**DIRECTIONS:** Taking the line that contains "Pink Glass Footed Vase" as the start and the last line of the data as the end, repeat exactly every line in that span, but no pictures.

##### GIVEN RECORDS

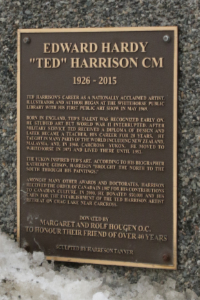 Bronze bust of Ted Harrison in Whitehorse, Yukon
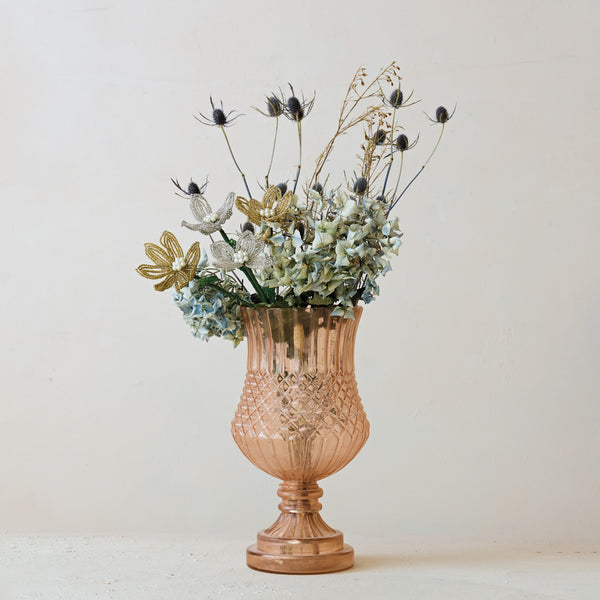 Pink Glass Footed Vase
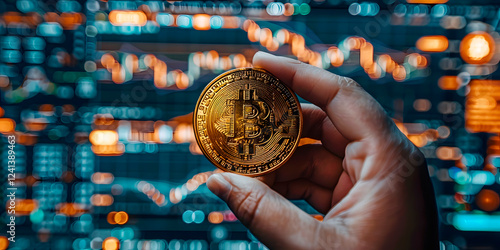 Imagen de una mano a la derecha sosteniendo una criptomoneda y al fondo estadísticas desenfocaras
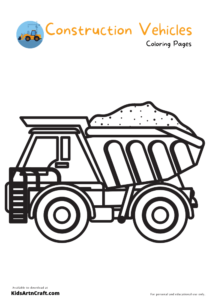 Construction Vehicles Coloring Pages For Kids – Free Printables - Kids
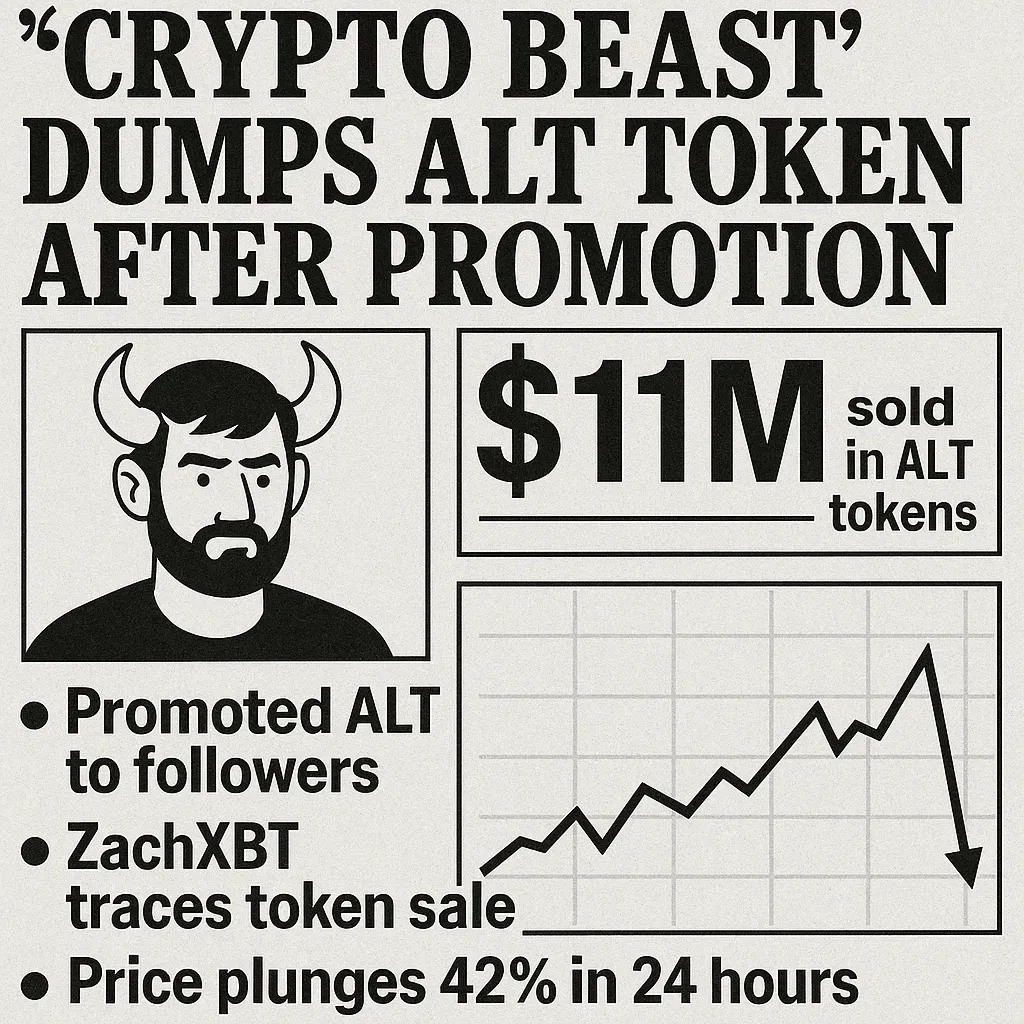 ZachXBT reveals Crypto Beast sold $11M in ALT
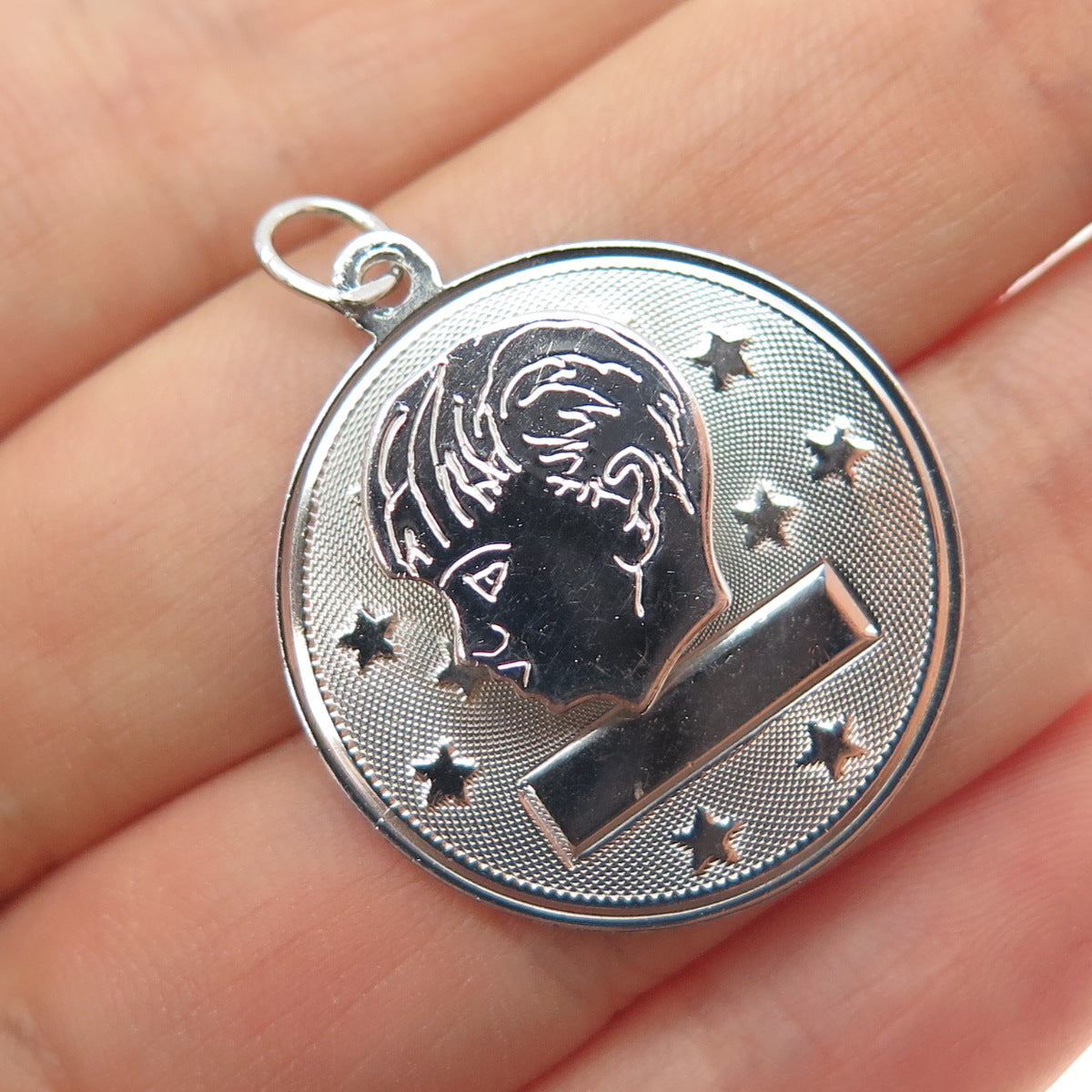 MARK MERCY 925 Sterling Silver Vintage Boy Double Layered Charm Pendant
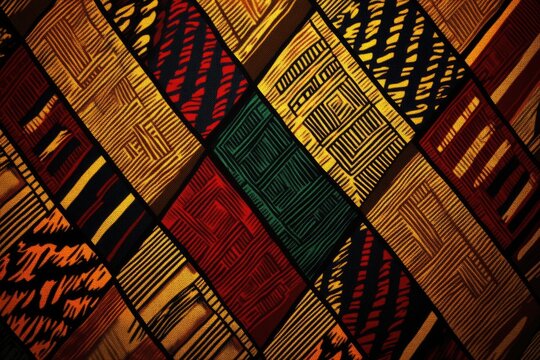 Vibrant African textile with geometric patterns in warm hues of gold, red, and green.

##########

**SOLUTION TO THE EXERCISE:**
 Pink Glass Footed Vase
 Imagen de una mano a la derecha sosteniendo una criptomoneda y al fondo estadísticas desenfocaras
 Construction Vehicles Coloring Pages For Kids – Free Printables - Kids
 ZachXBT reveals Crypto Beast sold $11M in ALT
 MARK MERCY 925 Sterling Silver Vintage Boy Double Layered Charm Pendant
 Vibrant African textile with geometric patterns in warm hues of gold, red, and green.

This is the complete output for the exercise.